Quando tutti erano finalmente usciti dalla stanza e solo la donna dormiva di schianto nel suo letto, era sceso in silenzio, strisciando lungo la cornice. Aveva inalberato la testa vicino alla testa del neonato, osservandolo un po’ con diffidenza. Per sicurezza, l’aveva lambita con la lingua. Poi, una dopo l’altra, aveva sollevato le sue spire nella culla posta a fianco del grande letto e l’aveva riempita completamente. Si era disteso sul corpo del neonato, avviluppandolo. Intanto, nella sua bocca enormemente dilatata, ripercorrendo lo stesso viaggio all’incontrario, sprofondava già il piccolo cranio lavato e profumato.
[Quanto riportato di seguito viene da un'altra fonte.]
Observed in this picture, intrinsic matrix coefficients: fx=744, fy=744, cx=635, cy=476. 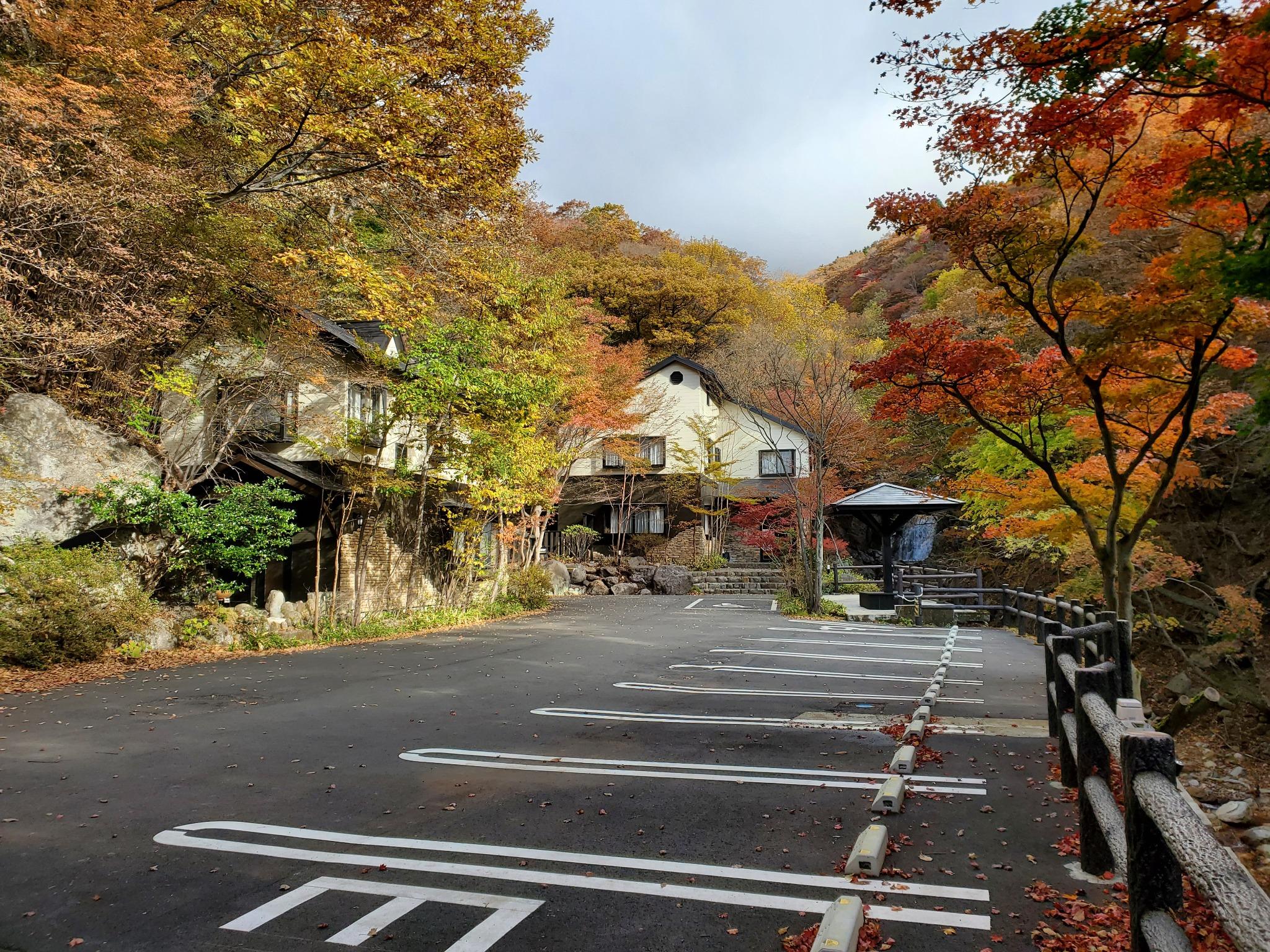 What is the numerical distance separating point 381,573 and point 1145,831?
17164 millimetres

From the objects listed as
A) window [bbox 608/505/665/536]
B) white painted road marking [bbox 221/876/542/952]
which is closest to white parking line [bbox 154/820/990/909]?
white painted road marking [bbox 221/876/542/952]

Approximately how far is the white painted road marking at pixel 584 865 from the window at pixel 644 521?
26.9 m

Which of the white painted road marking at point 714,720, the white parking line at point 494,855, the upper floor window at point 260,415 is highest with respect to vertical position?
the upper floor window at point 260,415

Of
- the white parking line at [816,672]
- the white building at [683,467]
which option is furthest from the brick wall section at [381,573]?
the white building at [683,467]

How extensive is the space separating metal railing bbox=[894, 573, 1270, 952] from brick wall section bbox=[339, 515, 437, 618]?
46.9 ft

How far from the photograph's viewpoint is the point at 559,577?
83.4 ft

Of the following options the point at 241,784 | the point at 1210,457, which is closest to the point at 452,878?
the point at 241,784

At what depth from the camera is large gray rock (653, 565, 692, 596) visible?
26.4 metres

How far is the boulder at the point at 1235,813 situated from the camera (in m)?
5.98

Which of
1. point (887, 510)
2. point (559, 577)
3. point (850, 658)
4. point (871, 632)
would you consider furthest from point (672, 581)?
point (850, 658)

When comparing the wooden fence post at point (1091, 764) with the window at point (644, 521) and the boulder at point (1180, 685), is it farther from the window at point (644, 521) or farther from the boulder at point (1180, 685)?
the window at point (644, 521)

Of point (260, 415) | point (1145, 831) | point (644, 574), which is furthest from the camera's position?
point (644, 574)

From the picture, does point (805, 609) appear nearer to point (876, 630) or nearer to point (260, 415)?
point (876, 630)

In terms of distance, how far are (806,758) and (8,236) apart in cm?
1081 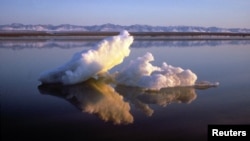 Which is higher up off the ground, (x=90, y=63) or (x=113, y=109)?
(x=90, y=63)

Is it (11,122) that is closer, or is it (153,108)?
(11,122)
L’intero corpo del neonato scendeva piano verso lo stomaco del serpente, divincolandosi a ogni contrazione della bestia. Ormai quella fame terribile era placata. Il serpente, ancora disteso in spire sempre più lente nella culla, aveva sentito con dolcezza il piccolo corpo muoversi un’ultima volta dentro di sé.
Poi si era improvvisamente assopito. Non si sentiva più niente. Forse era notte. Doveva scuotersi di dosso la profonda sonnolenza della digestione, lasciare quella comoda culla e fuggire, pensava il serpente. Si era lasciato cadere sul pavimento, pesantemente, aveva ritrovato quello scalone ed era sceso piano, un gradino dopo l’altro, cercando di non rotolare giù nel dormiveglia. Fuori, l’aria umida della notte sulle sue squame l’aveva fatto trasalire. Con un ultimo sforzo aveva percorso ancora un po’ di strada.
Ma non ce la faceva più ad andare avanti.
“Adesso mi fermo” si era detto.
Pochi istanti dopo, disteso di traverso in mezzo alla strada, con il gonfiore dello stomaco sopra le rotaie di un tram, il serpente si era finalmente addormentato.